Getting Along as a Single Mom

Most of the time, I think being a single mom is easier than being a married one (or a coupled one). First of all, I get to sleep on whatever side of the bed I want, I’m in charge of all vacation planning (no golf trips for us!), and I never have to worry about taking turns in the master bath. The down side of being a single mom is that I’m always on. There is literally not a single, solitary second of the day that I’m not engaged or “on call,” and there’s no way around that. I have parented through food poisoning, headaches, flus, sprained limbs, and one very memorable broken toe. There are always lunches to be packed, homework to be done, and nightmares to be talked through.
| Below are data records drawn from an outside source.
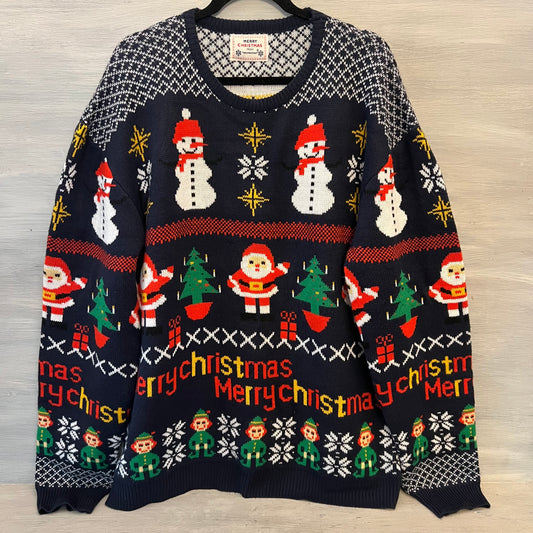 Daisys Boutique UNISEX Merry Christmas Navy Pullover Crewneck Sweater Good Condition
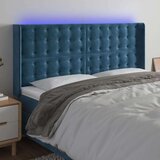  LED uzglavlje tamnoplavo 183 x 16 x 118/128 cm od tkanine | shoptok.hr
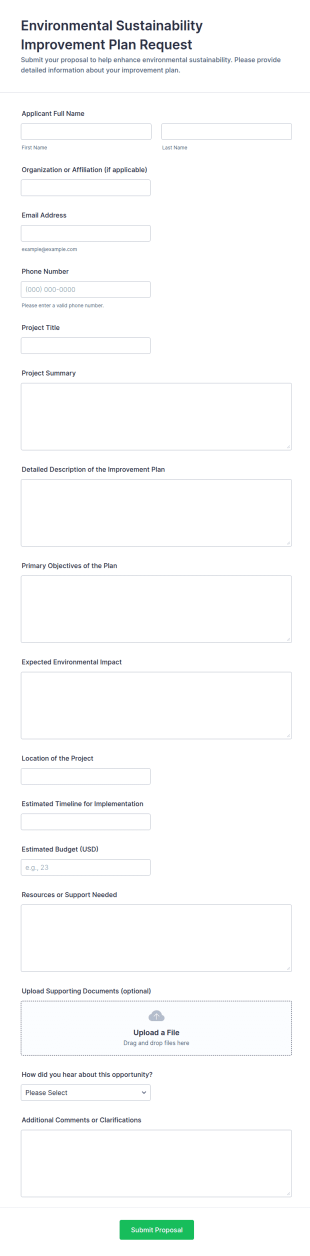Environmental Sustainability Improvement Plan Request Form 🌱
Being a mom is more than a full-time job. I have one of those, and it’s never woken me up in the middle of the night or thrown up in my car. A full-time job comes with physical and mental boundaries around it…but being a mom? That’s a whole different ball game.

It’s not that I resent the choices I’ve made or the life events that led me here…it’s more that I realize now that I can never turn off my “mommy brain.”  My non-single mom friends tell me that they, too, are always “mom,” but I think there’s a subtle different. Moms with partners always have a backup, a last resort, a bottom line. In my house, it’s me, and all me, all the time. There’s a kind of high-intensity brain exhaustion that goes along with that realization…probably like a pilot or a ship’s captain, “The buck stops here. Literally.” But on the other hand, I know that even though I’m making all the decisions, I’m making the right ones. And I have to be proud of that.

What do other single moms do deal with 24/7 “mommy brain”? Do other single moms feel the same way?